That means the number of cases linked to E. coli O157 is now up to 10: seven in Alberta, two in Quebec and one in Newfoundland and Labrador.
Officials stressed that the five recently announced cases are not tied to people who are newly sick, but "recovered or recovering."
Representatives from the CFIA and the Public Health Agency of Canada organized the Saturday teleconference to announce that five cases could be linked "with great confidence" to the strain that was found at the XL processing plant in Brooks, Alberta
Two targeted tests, taken together, were used to uncover the genetic fingerprint of the strain — one that had not been observed in the U.S. or Canada prior to extensive recall.
Although the federal agencies are working with their provincial and territorial counterparts, their numbers don't always overlap neatly.
Dr. James Talbot, Alberta's chief medical officer of health, said that by provincial numbers there are five confirmed E. coli cases in Alberta and another five still under investigation.
"The three [new Alberta cases ] that were announced today were cases that the national laboratory for microbiology has identified as sharing the same fingerprint as the outbreak strain," he told CBC News.
He explained that one of the three is also among the five the province has confirmed, and the other two are among the five that Alberta is still investigating. All cases, however, were already known to them.
XL Foods beef recall expanded yet again
Meantime, the recall list of beef products from the XL Foods plants in Brooks, Alta., has been expanded yet again.
Dozens of meat cuts and stores have been added to the list, which now contains hundreds of products and singles out stores across Canada and the United States.
Although consumers are advised to check the master list of recalled items before consuming beef products, individual stores are working to ensure that the tainted products do not end up on their shelves.
The Canadian Food Inspection Agency has confirmed, for instance, that beef being sold at a Safeway store in south Edmonton is now safe to eat.
Meanwhile, in labs across the country, tests are also being done to find the source of E. coli in five other Alberta cases, as well as 13 in Saskatchewan and one in British Columbia.

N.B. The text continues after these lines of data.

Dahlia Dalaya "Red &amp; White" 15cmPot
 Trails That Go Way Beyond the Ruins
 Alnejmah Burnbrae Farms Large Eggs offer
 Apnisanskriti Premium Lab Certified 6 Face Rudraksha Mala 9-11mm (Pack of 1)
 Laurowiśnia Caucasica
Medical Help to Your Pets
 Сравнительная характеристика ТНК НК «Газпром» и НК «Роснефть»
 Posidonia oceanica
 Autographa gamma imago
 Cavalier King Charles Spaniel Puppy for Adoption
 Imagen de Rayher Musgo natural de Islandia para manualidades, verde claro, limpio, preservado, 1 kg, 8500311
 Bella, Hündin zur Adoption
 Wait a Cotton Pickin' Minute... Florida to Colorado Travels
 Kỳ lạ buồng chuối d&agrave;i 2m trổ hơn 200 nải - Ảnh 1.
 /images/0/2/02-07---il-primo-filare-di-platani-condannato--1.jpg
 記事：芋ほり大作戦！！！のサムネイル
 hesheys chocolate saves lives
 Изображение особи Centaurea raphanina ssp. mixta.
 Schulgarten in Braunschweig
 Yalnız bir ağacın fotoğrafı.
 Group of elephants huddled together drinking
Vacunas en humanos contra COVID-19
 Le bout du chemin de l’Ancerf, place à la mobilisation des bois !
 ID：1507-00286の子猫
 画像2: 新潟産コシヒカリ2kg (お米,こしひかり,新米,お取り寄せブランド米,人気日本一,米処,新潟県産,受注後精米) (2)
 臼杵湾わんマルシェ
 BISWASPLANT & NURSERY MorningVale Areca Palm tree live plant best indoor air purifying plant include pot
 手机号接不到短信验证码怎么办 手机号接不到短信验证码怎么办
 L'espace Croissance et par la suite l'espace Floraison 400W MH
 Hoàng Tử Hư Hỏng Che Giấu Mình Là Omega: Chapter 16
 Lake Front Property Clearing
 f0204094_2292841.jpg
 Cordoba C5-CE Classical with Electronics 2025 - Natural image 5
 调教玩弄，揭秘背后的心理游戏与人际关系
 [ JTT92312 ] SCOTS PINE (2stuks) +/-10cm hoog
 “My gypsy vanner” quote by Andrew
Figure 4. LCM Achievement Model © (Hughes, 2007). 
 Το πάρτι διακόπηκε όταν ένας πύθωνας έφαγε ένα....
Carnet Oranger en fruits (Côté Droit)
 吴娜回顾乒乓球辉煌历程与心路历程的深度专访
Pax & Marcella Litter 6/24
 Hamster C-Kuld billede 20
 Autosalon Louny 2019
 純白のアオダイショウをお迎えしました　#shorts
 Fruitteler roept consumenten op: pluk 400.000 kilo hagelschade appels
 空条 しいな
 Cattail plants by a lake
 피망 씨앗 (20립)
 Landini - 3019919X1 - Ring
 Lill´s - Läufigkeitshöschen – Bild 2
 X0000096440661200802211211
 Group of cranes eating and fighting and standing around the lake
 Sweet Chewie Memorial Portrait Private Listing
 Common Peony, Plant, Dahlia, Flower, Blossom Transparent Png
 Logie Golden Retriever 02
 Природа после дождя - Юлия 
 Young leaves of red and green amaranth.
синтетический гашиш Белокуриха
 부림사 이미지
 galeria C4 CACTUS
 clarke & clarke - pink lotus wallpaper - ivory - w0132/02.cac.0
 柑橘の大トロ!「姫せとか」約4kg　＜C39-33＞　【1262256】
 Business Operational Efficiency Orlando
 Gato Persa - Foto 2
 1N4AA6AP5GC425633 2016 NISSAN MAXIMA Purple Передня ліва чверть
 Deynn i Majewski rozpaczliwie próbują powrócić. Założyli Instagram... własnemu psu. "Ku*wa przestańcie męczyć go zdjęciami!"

The CFIA would not offer nor confirm a ballpark figure of how many cases are under investigation overall — a number they say is in flux and changes every day.
Harpreet Kochhar with the Canadian Food Inspection Agency told reporters yesterday that XL Foods had a plan in place to battle E. coli.
Federal Agriculture Minister Gerry Ritz, meanwhile, was under fire at the House of Commons again Friday, with the NDP demanding he apologize to Canadians and resign.
Ritz repeated that food safety remains a priority for the Harper government.
The minister has said the XL plant will not be allowed to reopen until investigators are satisfied it is safe.